Exercise requirements: Once you reach the line that holds "Teller geteiltes Mittagsbehälter" in the listing below, output it and every line after it through the line that holds "244cm apvalus batutas su apsauginiu tinklu", word for word.

Data provided:
--------
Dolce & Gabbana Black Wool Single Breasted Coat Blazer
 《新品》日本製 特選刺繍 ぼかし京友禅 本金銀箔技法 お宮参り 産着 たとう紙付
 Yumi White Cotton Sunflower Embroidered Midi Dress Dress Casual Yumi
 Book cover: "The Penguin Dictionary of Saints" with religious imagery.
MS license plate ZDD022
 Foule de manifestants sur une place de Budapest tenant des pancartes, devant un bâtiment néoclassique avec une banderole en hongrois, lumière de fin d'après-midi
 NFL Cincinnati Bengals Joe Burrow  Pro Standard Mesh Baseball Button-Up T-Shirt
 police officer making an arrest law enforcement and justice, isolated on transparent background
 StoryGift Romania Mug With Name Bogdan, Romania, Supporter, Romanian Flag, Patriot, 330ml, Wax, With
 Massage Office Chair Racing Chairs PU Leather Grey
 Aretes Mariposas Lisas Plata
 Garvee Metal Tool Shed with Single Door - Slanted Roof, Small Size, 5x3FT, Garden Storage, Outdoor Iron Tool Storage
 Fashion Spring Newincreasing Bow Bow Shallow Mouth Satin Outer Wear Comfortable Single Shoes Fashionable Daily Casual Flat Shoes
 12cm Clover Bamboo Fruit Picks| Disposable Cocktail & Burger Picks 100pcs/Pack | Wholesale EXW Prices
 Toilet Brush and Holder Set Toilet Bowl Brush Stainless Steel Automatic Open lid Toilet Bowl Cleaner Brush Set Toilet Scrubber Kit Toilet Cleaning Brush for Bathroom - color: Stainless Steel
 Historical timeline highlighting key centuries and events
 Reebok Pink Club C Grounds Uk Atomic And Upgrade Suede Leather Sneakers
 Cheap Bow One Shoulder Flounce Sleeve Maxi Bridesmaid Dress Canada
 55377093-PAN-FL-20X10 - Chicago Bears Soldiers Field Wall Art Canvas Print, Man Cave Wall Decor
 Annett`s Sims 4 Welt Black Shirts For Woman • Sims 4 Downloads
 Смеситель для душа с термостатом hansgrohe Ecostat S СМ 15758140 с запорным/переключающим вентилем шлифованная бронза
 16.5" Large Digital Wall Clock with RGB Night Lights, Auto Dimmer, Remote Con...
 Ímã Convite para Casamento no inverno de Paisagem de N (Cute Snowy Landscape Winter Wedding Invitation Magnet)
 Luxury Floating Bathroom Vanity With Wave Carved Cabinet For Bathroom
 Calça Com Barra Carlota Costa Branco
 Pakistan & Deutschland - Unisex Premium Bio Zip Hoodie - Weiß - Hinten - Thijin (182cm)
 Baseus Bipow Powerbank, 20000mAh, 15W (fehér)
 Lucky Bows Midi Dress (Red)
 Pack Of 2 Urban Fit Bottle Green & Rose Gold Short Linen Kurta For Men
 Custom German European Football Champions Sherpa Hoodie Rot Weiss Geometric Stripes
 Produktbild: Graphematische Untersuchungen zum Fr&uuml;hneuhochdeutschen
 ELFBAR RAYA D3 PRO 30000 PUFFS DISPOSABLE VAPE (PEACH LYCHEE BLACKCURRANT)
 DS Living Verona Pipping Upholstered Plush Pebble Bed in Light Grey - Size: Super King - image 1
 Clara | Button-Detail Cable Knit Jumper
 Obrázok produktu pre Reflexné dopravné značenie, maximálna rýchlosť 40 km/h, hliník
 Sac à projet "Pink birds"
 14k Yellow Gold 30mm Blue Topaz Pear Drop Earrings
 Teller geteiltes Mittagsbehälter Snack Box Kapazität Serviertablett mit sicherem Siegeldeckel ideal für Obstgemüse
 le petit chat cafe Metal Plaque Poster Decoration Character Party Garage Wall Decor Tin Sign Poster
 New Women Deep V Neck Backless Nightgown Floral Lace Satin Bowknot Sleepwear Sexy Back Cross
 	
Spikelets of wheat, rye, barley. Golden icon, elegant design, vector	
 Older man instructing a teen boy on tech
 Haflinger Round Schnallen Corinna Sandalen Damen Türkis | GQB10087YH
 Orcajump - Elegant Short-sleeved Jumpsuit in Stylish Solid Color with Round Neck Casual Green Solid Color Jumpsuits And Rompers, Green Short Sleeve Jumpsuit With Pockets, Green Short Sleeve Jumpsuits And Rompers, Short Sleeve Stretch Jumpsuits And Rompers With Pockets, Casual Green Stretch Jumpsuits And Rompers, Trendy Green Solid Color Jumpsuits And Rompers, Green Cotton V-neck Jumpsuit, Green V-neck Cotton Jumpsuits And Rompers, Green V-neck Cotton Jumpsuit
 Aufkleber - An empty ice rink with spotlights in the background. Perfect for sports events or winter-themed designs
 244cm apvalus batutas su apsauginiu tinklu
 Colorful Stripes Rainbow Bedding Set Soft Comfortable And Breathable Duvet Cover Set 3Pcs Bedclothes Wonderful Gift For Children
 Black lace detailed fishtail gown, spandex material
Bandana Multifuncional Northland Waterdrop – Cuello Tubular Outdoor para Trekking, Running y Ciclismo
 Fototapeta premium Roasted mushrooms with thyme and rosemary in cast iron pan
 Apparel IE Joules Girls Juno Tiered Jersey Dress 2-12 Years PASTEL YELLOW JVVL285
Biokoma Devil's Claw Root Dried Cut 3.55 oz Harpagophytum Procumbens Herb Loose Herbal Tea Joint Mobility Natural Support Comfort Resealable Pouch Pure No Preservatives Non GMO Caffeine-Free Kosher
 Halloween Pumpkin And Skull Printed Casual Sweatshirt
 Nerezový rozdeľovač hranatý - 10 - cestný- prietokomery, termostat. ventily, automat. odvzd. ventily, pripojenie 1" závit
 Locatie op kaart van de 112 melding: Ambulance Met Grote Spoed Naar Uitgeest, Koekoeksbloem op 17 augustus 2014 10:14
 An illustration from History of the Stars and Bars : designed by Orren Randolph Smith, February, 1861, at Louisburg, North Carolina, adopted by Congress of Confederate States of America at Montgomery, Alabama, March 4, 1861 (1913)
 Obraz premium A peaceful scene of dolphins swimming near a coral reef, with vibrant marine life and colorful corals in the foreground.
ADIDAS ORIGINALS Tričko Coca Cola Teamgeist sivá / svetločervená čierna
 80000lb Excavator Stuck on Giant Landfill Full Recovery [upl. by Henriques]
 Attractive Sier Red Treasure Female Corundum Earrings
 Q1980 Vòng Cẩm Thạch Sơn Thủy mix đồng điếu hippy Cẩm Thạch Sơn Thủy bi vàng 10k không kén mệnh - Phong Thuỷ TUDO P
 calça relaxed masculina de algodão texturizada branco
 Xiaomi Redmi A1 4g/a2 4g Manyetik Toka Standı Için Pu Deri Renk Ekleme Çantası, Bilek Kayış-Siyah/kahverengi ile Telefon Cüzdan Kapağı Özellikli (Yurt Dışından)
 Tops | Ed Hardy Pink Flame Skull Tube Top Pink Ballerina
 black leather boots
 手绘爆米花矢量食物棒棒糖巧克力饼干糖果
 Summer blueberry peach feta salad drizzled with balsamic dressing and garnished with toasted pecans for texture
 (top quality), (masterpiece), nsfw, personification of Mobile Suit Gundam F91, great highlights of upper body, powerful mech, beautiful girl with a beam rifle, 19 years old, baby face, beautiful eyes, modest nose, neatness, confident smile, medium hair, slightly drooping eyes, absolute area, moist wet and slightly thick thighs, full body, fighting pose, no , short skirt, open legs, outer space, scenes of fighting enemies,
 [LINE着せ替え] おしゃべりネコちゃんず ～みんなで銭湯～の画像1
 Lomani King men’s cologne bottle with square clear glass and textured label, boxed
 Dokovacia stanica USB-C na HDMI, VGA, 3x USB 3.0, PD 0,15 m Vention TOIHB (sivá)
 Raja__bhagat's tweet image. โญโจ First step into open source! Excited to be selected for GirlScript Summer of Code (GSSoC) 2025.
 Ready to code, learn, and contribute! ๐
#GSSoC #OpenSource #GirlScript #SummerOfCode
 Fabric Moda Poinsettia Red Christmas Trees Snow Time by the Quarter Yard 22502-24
--------
Solution to the problem:
 Teller geteiltes Mittagsbehälter Snack Box Kapazität Serviertablett mit sicherem Siegeldeckel ideal für Obstgemüse
 le petit chat cafe Metal Plaque Poster Decoration Character Party Garage Wall Decor Tin Sign Poster
 New Women Deep V Neck Backless Nightgown Floral Lace Satin Bowknot Sleepwear Sexy Back Cross
 	
Spikelets of wheat, rye, barley. Golden icon, elegant design, vector	
 Older man instructing a teen boy on tech
 Haflinger Round Schnallen Corinna Sandalen Damen Türkis | GQB10087YH
 Orcajump - Elegant Short-sleeved Jumpsuit in Stylish Solid Color with Round Neck Casual Green Solid Color Jumpsuits And Rompers, Green Short Sleeve Jumpsuit With Pockets, Green Short Sleeve Jumpsuits And Rompers, Short Sleeve Stretch Jumpsuits And Rompers With Pockets, Casual Green Stretch Jumpsuits And Rompers, Trendy Green Solid Color Jumpsuits And Rompers, Green Cotton V-neck Jumpsuit, Green V-neck Cotton Jumpsuits And Rompers, Green V-neck Cotton Jumpsuit
 Aufkleber - An empty ice rink with spotlights in the background. Perfect for sports events or winter-themed designs
 244cm apvalus batutas su apsauginiu tinklu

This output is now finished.